# Looking for help planning a Generator Job



## HARRY304E (Sep 15, 2010)

GDK 13 said:


> As the title says..
> 
> Got my plan down on paper, but wanted some of the experts here advice/tips on it. The existing service is 277/480, 1600 Amps. Customer wishes to install a 250kW Generator (600 Amps). It's underground work from the Generator to the ATS, so this is my plan:
> 
> ...



I think your plan looks great..:thumbup:


----------



## GDK 13 (Oct 6, 2009)

Hope it is! The ATS and 600A disconnect are located inside the building. I plan on using the 600A circuit breaker located on the generator itself as the disconnect outside. A 600A Switch rated for outdoor use is going to be $$$ and I think the CB on the generator will be sufficient.


----------



## B4T (Feb 10, 2009)

Don't forget a separate 120V conduit for battery charger.. if needed and conduit for control wiring..


----------



## GDK 13 (Oct 6, 2009)

B4T said:


> Don't forget a separate 120V conduit for battery charger.. if needed and conduit for control wiring..

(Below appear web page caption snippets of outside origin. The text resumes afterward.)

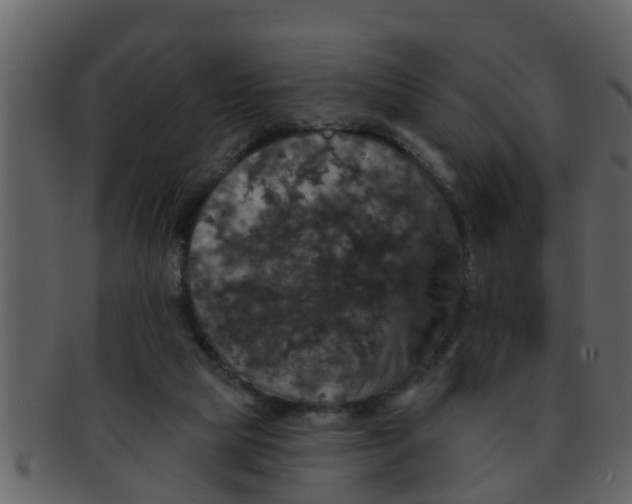 X0000093130065200710171316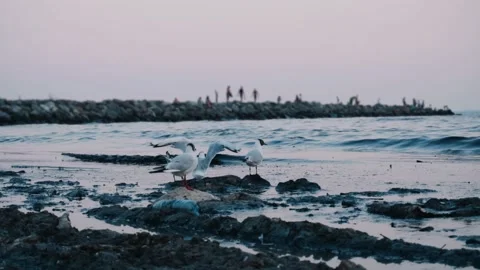 Pollution of the environment and water with garbage and plastic waste. Stock Footage 201632197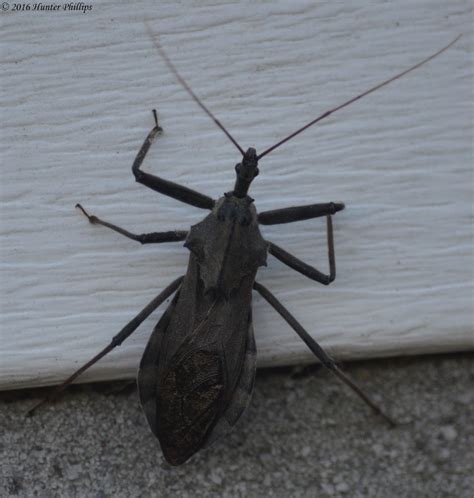 Wheel Bug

I included 1- 2" PVC for each of those. 120V in one, control wiring in the other


----------



## Southeast Power (Jan 18, 2009)

I like the plan but, I prefer to just use 4" and stay away from the 3 1/2", its kind of an odd size these days. 
Also, I would go 1" max for the battery charger and jacket heater conduit. You will need to transition to a smaller size at the unit and may not have space.
I don't know what you have for the low voltage but 2" seems really over sized. You might be better off running 3-1" for all of it instead of the 2-2"


----------



## Southeast Power (Jan 18, 2009)

GDK 13 said:


> Hope it is! The ATS and 600A disconnect are located inside the building. I plan on using the 600A circuit breaker located on the generator itself as the disconnect outside. A 600A Switch rated for outdoor use is going to be $$$ and I think the CB on the generator will be sufficient.

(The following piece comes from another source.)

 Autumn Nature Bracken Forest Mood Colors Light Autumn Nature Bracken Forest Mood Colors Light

We are required to have an emergency stop button 20' away from the generator for the fire department.


----------



## 360max (Jun 10, 2011)

...next question, who holds the NYC license (I was told it is the hardest test in the country)?


----------



## macmikeman (Jan 23, 2007)

jrannis said:


> We are required to have an emergency stop button 20' away from the generator for the fire department.


I like that. Thats a cool idea.


----------



## 360max (Jun 10, 2011)

macmikeman said:


> I like that. Thats a cool idea.


I second that!


----------



## Southeast Power (Jan 18, 2009)

360max said:


> ...next question, who holds the NYC license (I was told it is the hardest test in the country)?


I don't know how accurate this link is but I hope you left your previous employers on good terms

http://www.nyc.gov/html/dob/downloads/pdf/elec_lic_checklists.pdf

From what I know, Florida (7-1/2 hours), Idaho, and North Carolina have the longest tests. Florida has a process that takes several months and and is difficult to qualify for a license after you pass the exam.

I could be wrong, below is a link to the MH site with State by State info:

http://www.mikeholt.com/statelicense.php#FL







.


----------



## GDK 13 (Oct 6, 2009)

anyone else have some input?


----------



## GDK 13 (Oct 6, 2009)

I need some help with this thing. Never done one before, and WOW am I stressed with these drawings. Can anyone with experience here PM me or post up? thanks


----------



## Tasjr (Dec 9, 2011)

Still looking for help on this?


----------



## GDK 13 (Oct 6, 2009)

Actually have it 95% done...pics to come soon


----------